> _Work request_
Starting with the line with "1731 Berks St, Philadelphia" in the entries below and going on through the line with "Graphic designer job", output every line exactly and nothing more. No pictures.

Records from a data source
==================================================
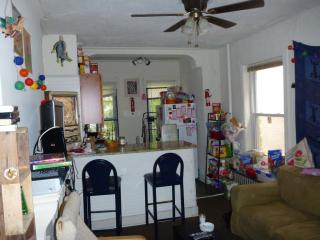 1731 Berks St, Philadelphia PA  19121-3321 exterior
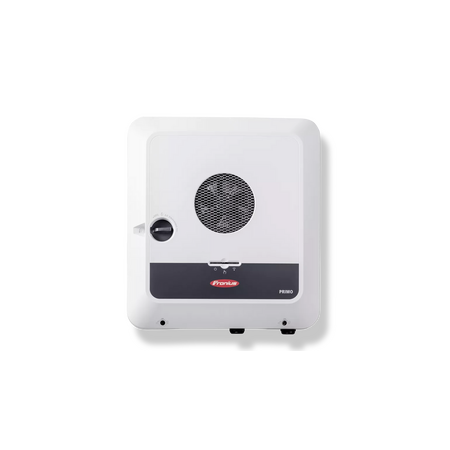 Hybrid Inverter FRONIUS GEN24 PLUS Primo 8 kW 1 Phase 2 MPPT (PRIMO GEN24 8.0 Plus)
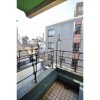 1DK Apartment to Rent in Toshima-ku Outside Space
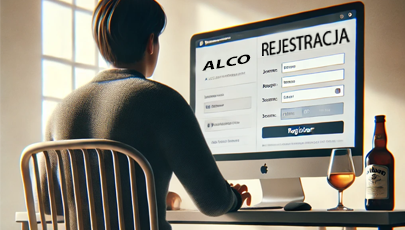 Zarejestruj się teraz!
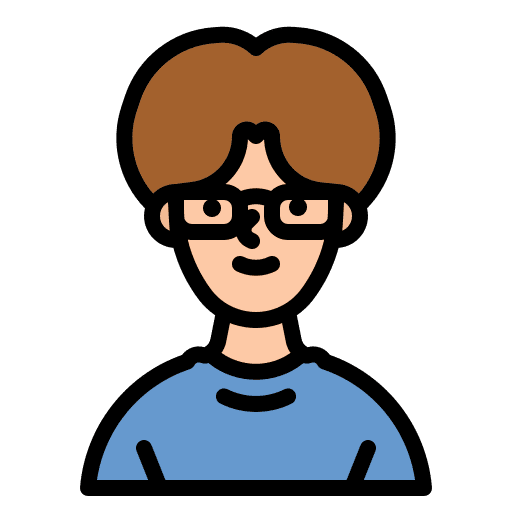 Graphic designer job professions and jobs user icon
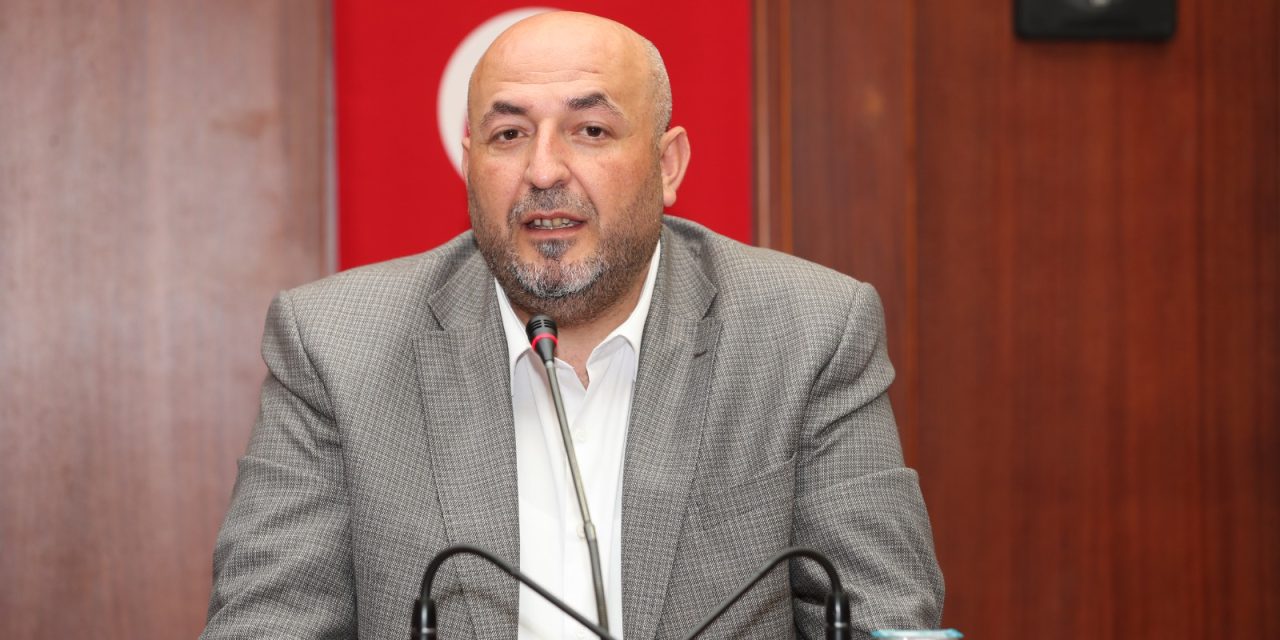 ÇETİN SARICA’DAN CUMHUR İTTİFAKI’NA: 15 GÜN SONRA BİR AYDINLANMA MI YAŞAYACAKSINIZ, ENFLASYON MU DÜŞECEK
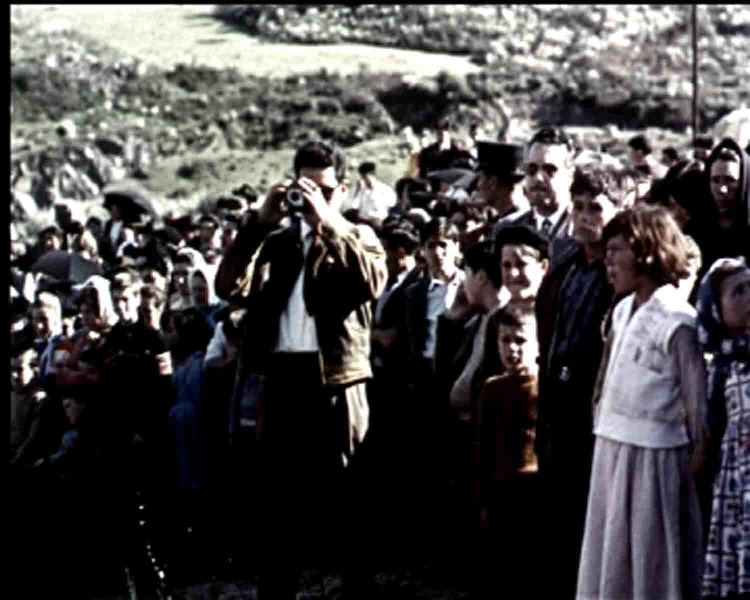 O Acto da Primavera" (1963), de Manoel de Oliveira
==================================================
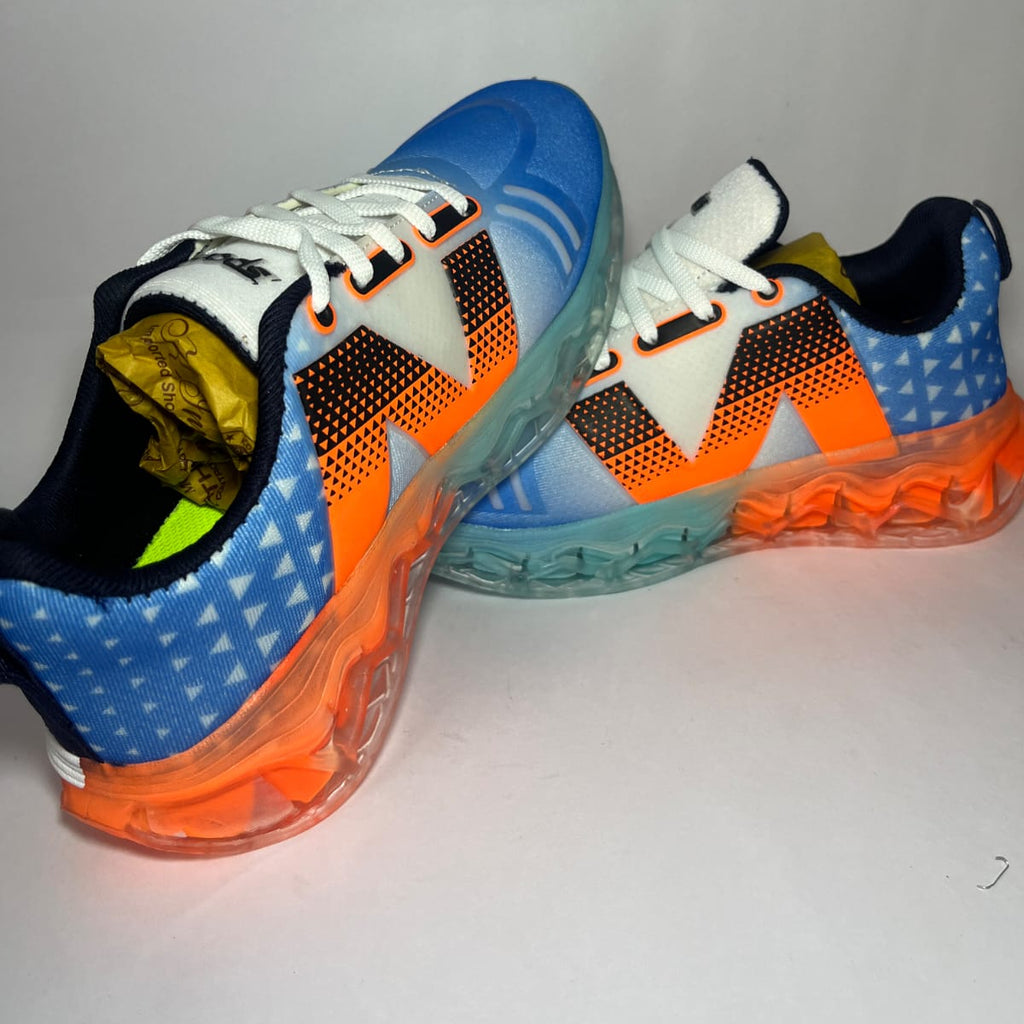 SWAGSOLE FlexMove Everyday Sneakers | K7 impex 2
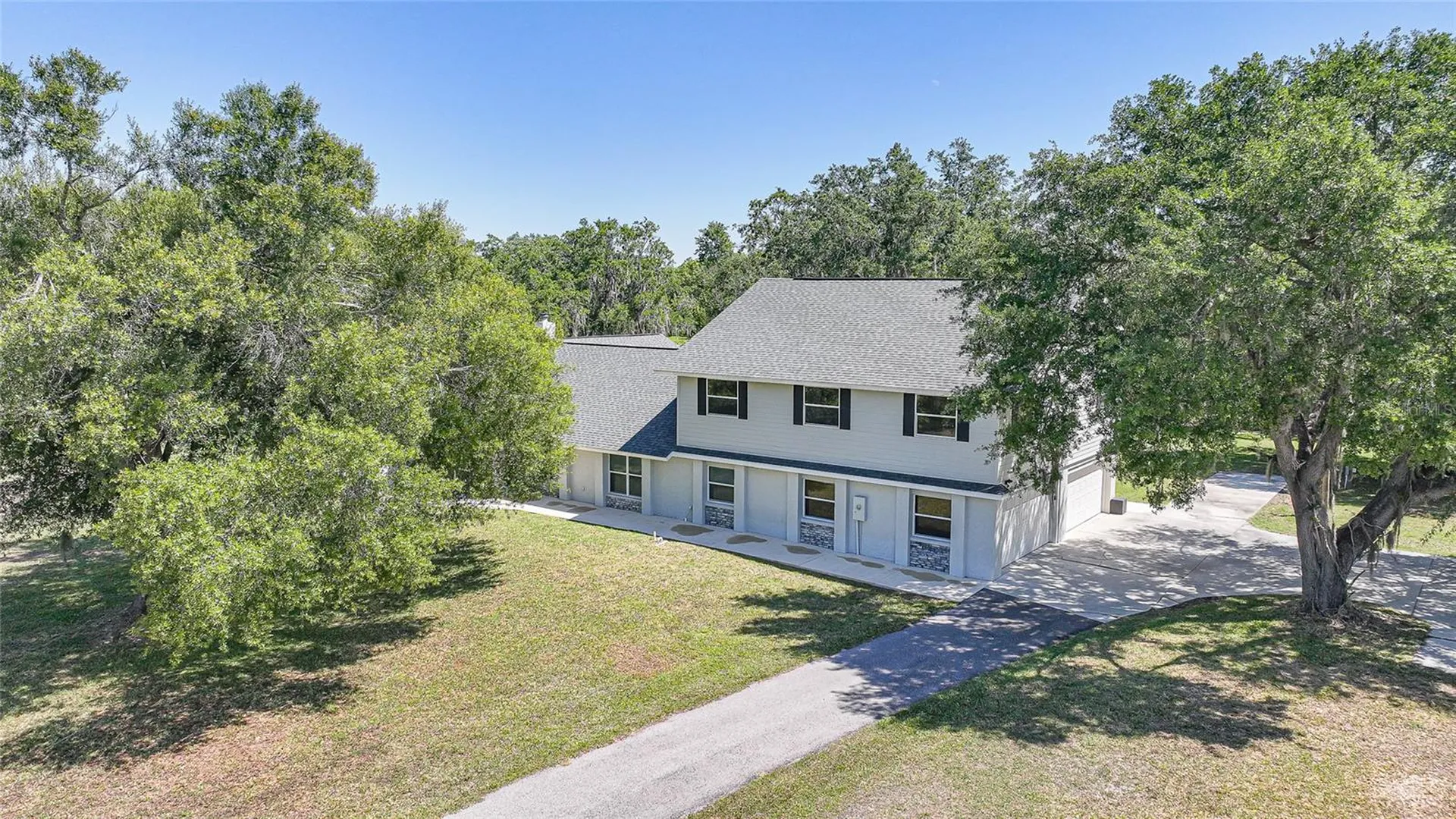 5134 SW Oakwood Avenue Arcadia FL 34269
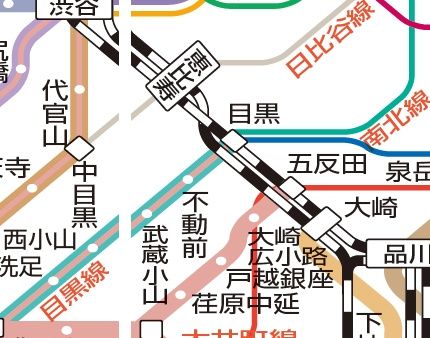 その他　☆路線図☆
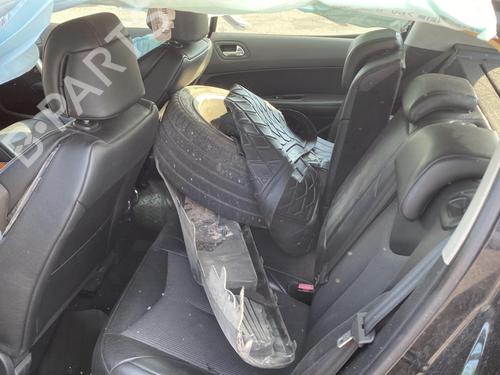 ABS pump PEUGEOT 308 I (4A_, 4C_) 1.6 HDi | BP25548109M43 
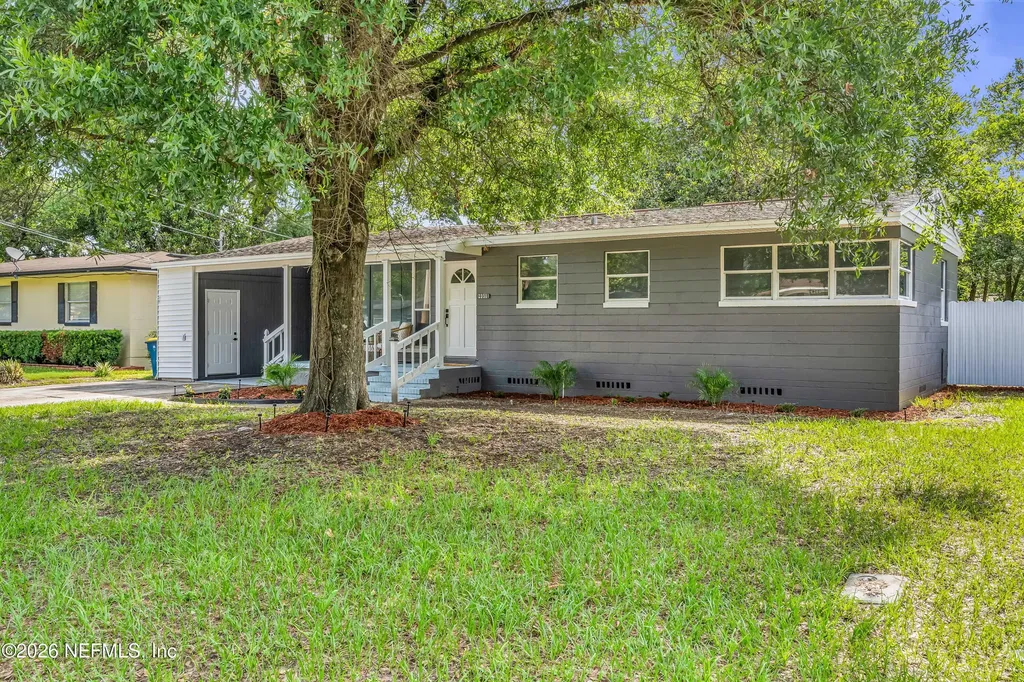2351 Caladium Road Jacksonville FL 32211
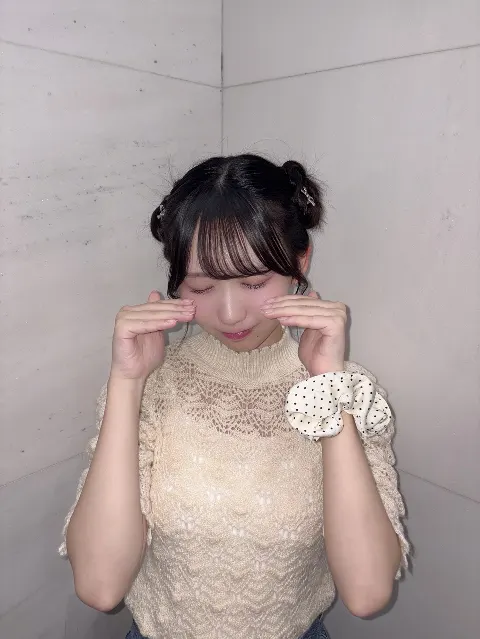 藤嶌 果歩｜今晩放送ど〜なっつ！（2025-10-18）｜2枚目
==================================================
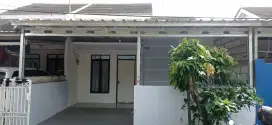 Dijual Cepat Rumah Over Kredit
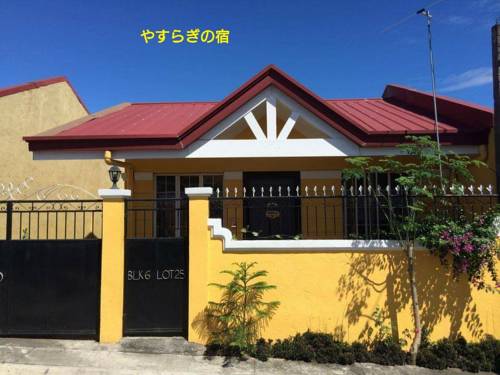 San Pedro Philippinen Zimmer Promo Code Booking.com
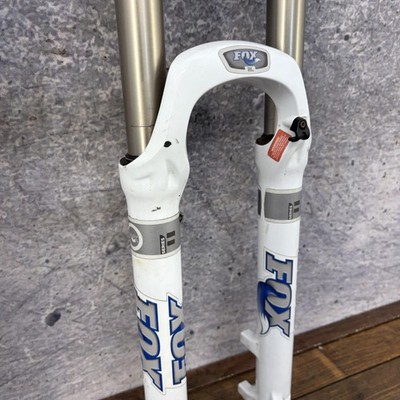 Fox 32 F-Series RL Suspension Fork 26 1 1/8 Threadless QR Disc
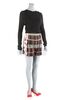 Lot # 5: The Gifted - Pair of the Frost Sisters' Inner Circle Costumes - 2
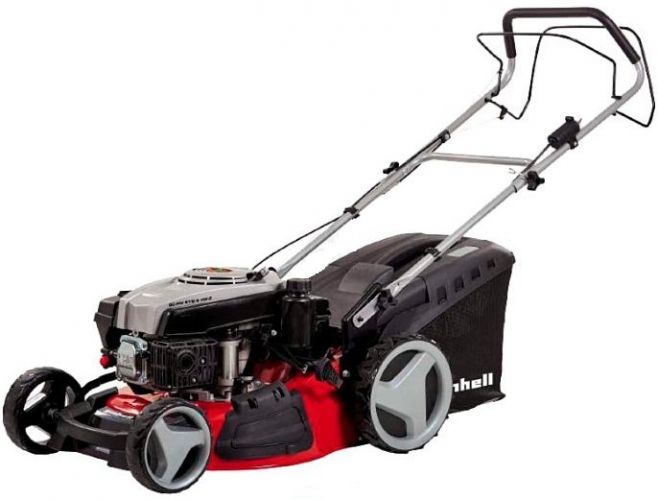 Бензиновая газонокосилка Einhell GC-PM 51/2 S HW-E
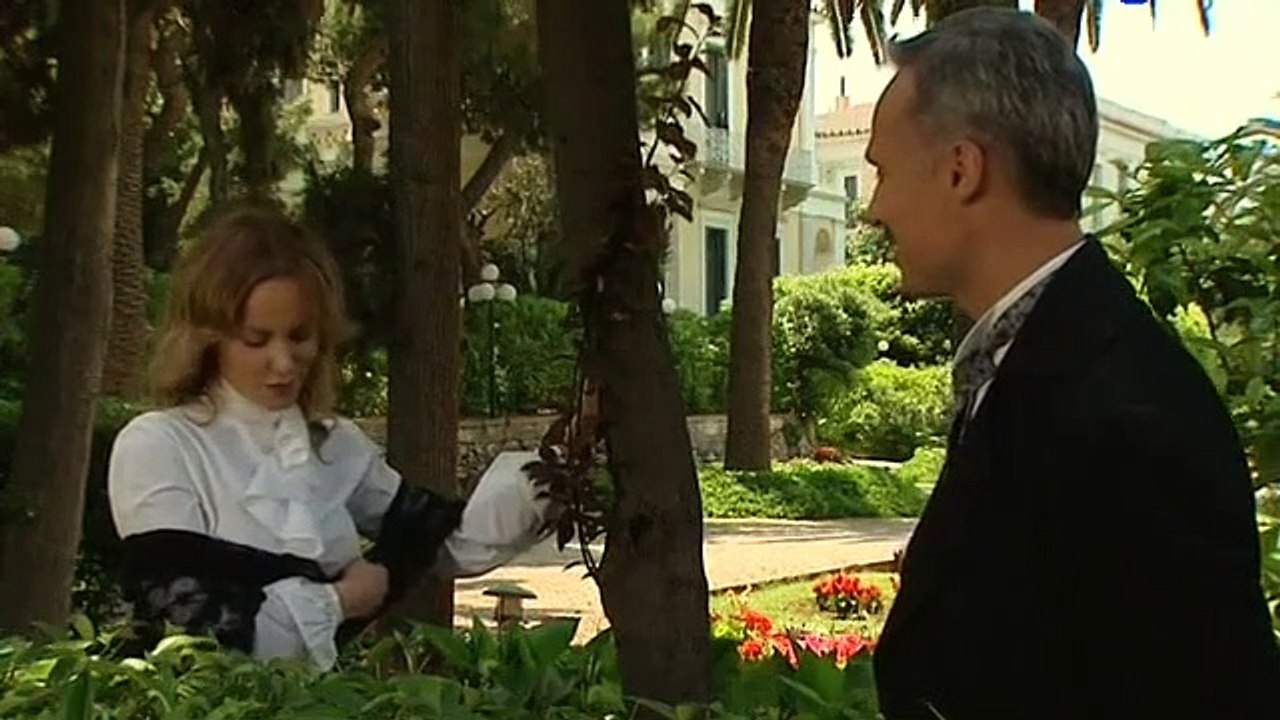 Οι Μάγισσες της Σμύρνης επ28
==================================================
> _Response to the exercise_
 1731 Berks St, Philadelphia PA  19121-3321 exterior
 Hybrid Inverter FRONIUS GEN24 PLUS Primo 8 kW 1 Phase 2 MPPT (PRIMO GEN24 8.0 Plus)
 1DK Apartment to Rent in Toshima-ku Outside Space
 Zarejestruj się teraz!
 Graphic designer job professions and jobs user icon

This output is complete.